Work order:
The copy you produce must hold every record exactly, and none of the images.

(Exercise data begins)

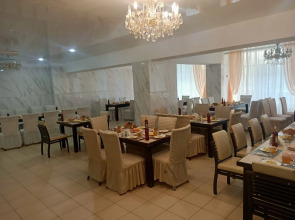 Отель на радужной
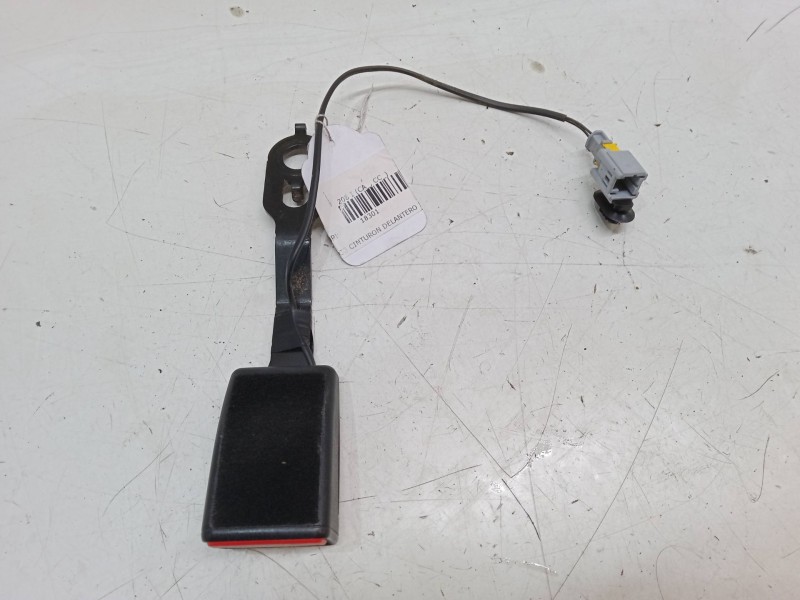 Recambio de anclaje cinturon delantero izquierdo para peugeot 208 i (ca_, cc_) 1.2 vti 82 referencia OEM IAM   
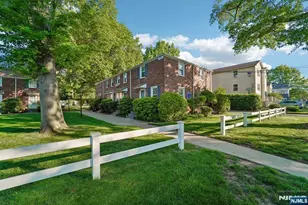 230 Lafayette Pl 4D, Englewood, NJ 07631 - Photo 3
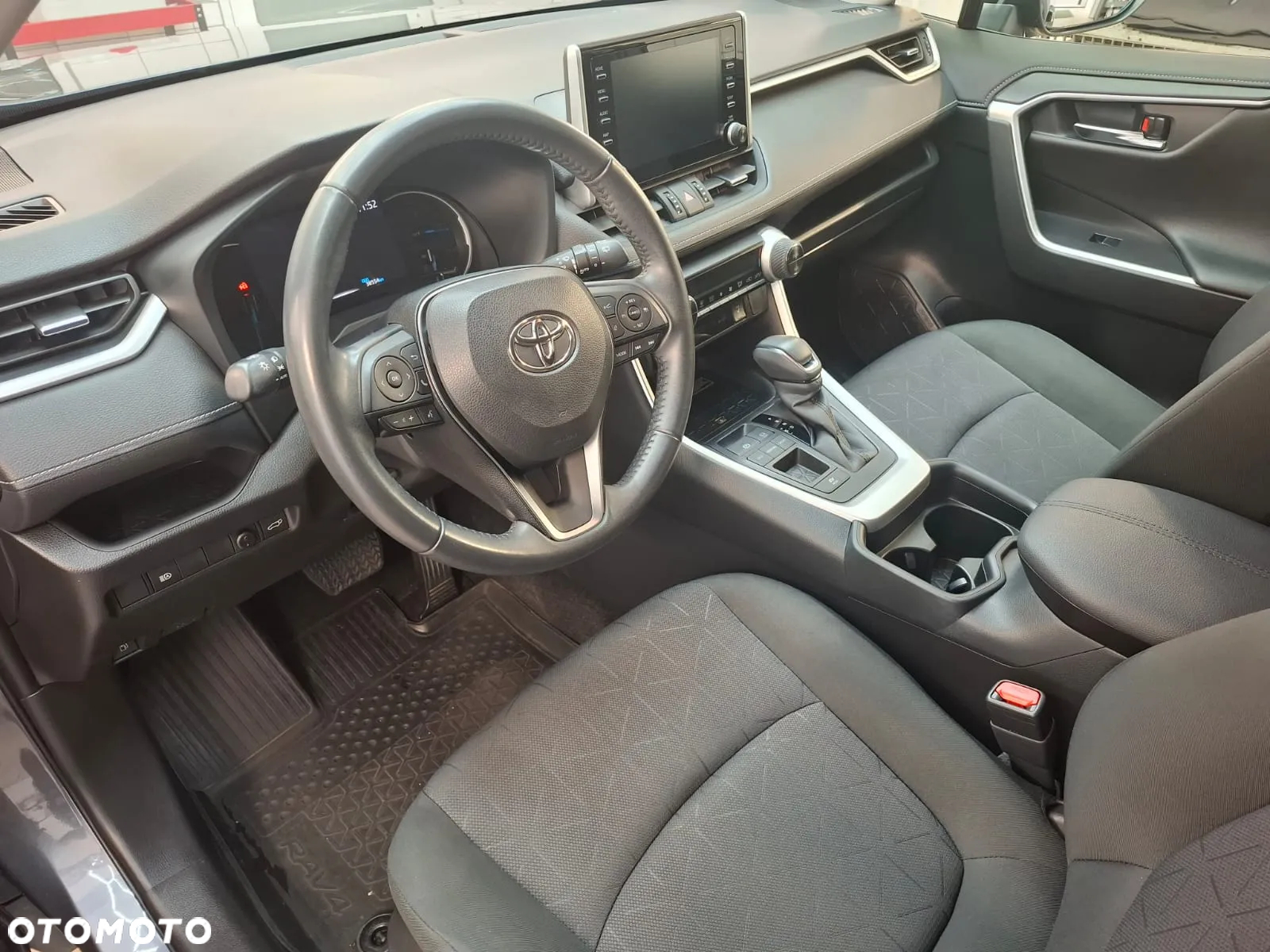 Toyota RAV4 2.5 Hybrid Comfort 4x2 - 13
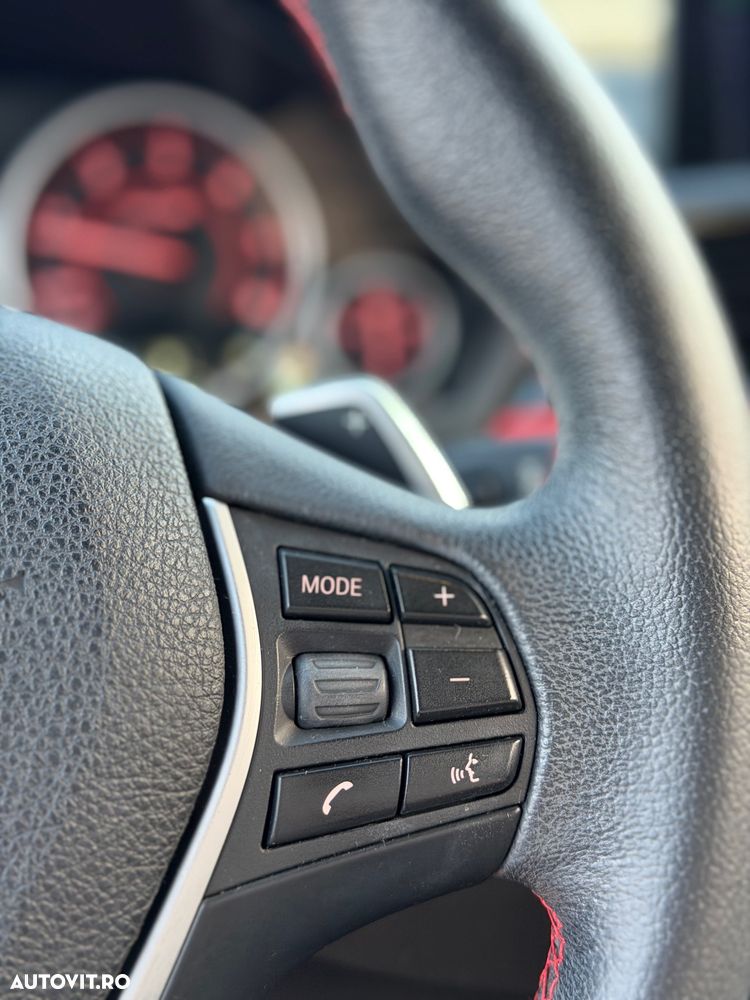 BMW Seria 3 320d Aut. Sport Line - 28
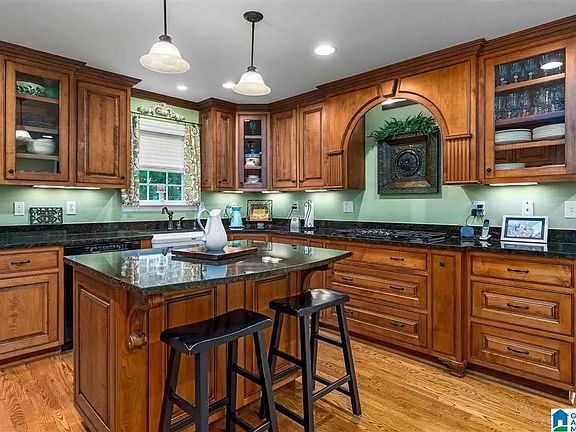 5th image of 3433 Coody Rd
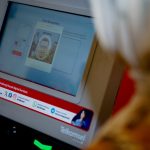 Proses registrasi biometrik pelanggan seluler menggunakan teknologi pengenalan wajah.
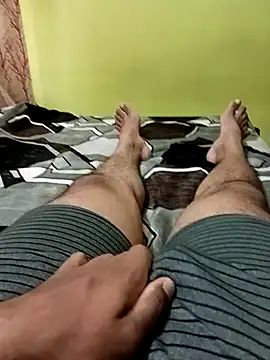 DrinkMeIn online show from February 15, 2026, 7:51 am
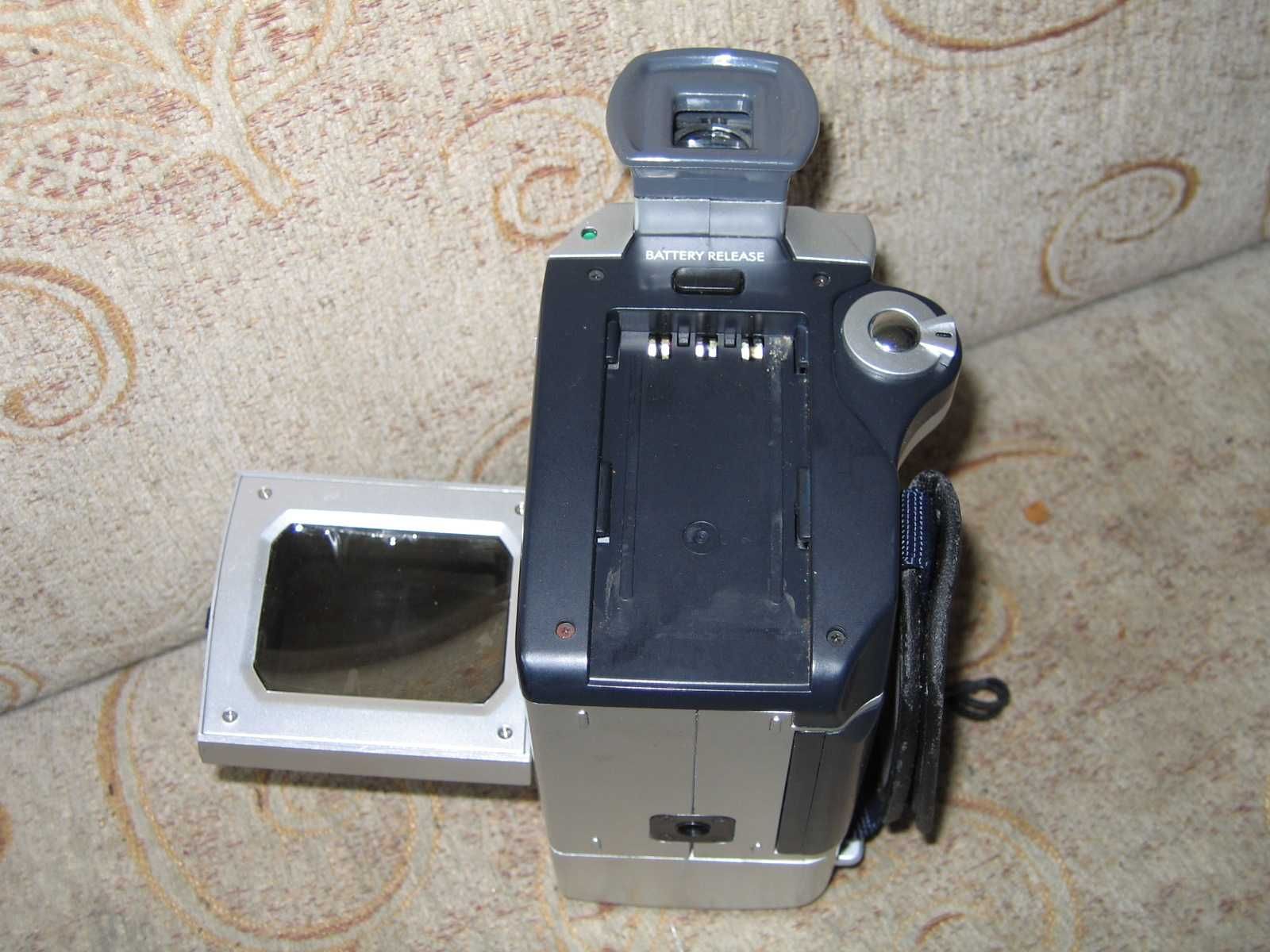 Aparat analogowy 35mm Sony V6000 + torba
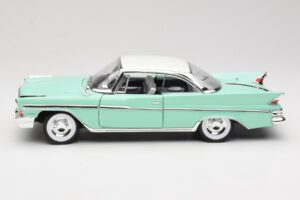 DeSoto Adventurer Grün Road Signature 1:18 92738-R1 Druckguss — Bild 4 von 8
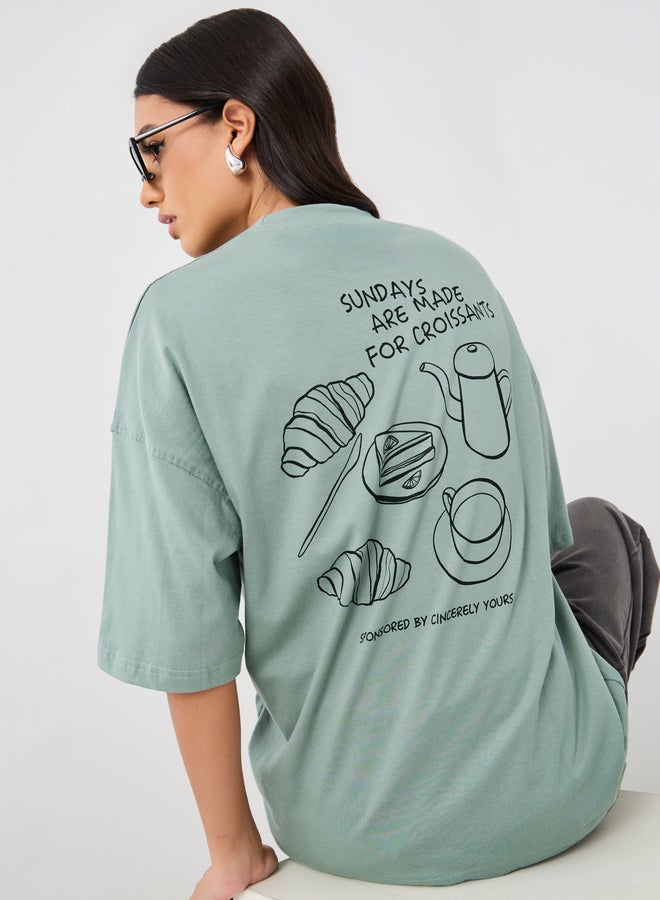 ستايلي تيشيرت أوفر سايز بطبعة كرواسون وأكتاف ساقطة - Image 1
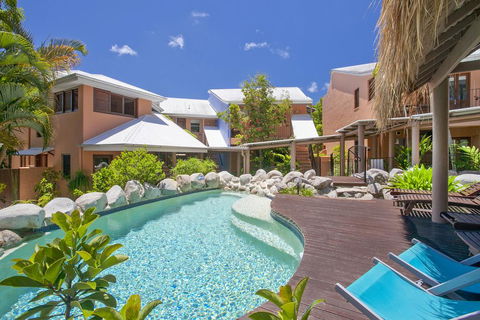 L'Auberge Noosa - Foster Accommodation 2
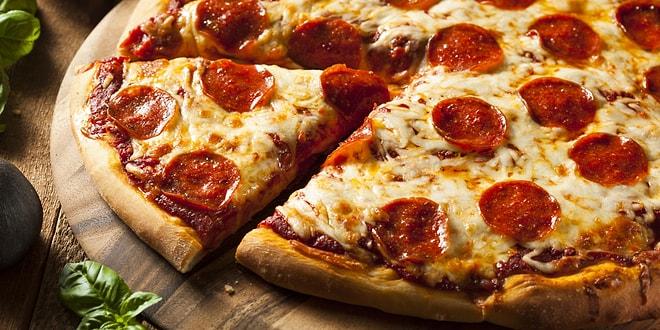 'Daha İyisini Evde Yaparım' Diyenler Haklı Çıktı: Hangi Pizza Markaları Sucuk ve Salam İçin Beyaz Et Kullanıyor?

(Exercise data ends)

Solved problem:
 Отель на радужной
 Recambio de anclaje cinturon delantero izquierdo para peugeot 208 i (ca_, cc_) 1.2 vti 82 referencia OEM IAM   
 230 Lafayette Pl 4D, Englewood, NJ 07631 - Photo 3
 Toyota RAV4 2.5 Hybrid Comfort 4x2 - 13
 BMW Seria 3 320d Aut. Sport Line - 28
 5th image of 3433 Coody Rd
 Proses registrasi biometrik pelanggan seluler menggunakan teknologi pengenalan wajah.
 DrinkMeIn online show from February 15, 2026, 7:51 am
 Aparat analogowy 35mm Sony V6000 + torba
 DeSoto Adventurer Grün Road Signature 1:18 92738-R1 Druckguss — Bild 4 von 8
 ستايلي تيشيرت أوفر سايز بطبعة كرواسون وأكتاف ساقطة - Image 1
 L'Auberge Noosa - Foster Accommodation 2
 'Daha İyisini Evde Yaparım' Diyenler Haklı Çıktı: Hangi Pizza Markaları Sucuk ve Salam İçin Beyaz Et Kullanıyor?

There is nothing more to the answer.